The one common denominator they found is that gambling involves putting up something of value to get something of value back out. And that’s something that applies to most states, too. So, they took that and applied it to a social casino app.

Here’s their thought process:

So, what happens to your money? Zynga’s chief executive says, nothing – you can’t take money out of the game in any form of value. You don’t even win virtual prizes that are worth money.

And that seems to be the one key difference – the very reason why you can play social casino games legally in the United States. Money can go in, but you receive nothing of tangible value in return.

That said, there are second hand markets for virtual goods such as Zynga chips. These sites are often credit card fraud rings who buy chips and then re-sell them. And the crazy part?

Social gaming companies are responsible for them – what they do and what they sell – whether they own them or not. This is seemingly unlike Japan, where companies apparently are getting away with players exchanging their metal balls for things of value.

Speaking of virtual goods, Venture Beat also considered the virtual gifts you can send to others.
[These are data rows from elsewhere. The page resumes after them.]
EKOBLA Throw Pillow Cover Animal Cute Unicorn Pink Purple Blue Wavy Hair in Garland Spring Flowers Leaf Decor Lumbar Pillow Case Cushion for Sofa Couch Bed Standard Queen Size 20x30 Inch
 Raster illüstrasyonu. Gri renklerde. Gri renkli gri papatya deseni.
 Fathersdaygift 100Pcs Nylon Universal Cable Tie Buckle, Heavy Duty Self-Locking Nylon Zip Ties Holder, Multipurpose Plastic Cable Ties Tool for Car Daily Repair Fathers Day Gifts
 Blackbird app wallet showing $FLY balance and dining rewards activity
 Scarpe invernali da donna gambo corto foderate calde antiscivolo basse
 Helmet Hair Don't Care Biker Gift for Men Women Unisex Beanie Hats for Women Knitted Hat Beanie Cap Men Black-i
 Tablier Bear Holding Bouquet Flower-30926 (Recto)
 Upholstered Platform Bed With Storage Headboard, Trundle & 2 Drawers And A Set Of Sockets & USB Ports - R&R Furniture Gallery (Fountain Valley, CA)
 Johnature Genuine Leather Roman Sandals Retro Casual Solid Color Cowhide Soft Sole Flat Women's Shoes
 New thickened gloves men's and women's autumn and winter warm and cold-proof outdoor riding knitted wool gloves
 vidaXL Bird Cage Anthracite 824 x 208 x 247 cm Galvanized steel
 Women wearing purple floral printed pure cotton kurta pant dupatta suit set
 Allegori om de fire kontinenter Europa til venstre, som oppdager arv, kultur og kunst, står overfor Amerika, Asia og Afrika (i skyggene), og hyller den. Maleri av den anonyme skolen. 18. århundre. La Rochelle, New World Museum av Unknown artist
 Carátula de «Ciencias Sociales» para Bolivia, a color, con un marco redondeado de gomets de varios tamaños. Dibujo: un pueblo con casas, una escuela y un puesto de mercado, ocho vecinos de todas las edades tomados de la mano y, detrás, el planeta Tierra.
The law is even cloudier here. Facebook, at the time, limited you to sending 16 gifts per day, which only cost 5-10 in game chip-dollars (that’s nothing compared to the number of chips you receive when you log in).

In terms of value, the question posed was whether you were getting any value outside of the thought of posting a gift to someone’s wall. Maybe not, but then what happens if/when that gift’s actually worth something? When it has verifiable retail value – what do you do then?

That’s what lawmakers will have to figure out if they want to regulate the market – if they even see a need to. Who knows? Like traditional gambling there are people on both sides of the debate.

For now, it seems to be fine so long as you’re not receiving anything of value.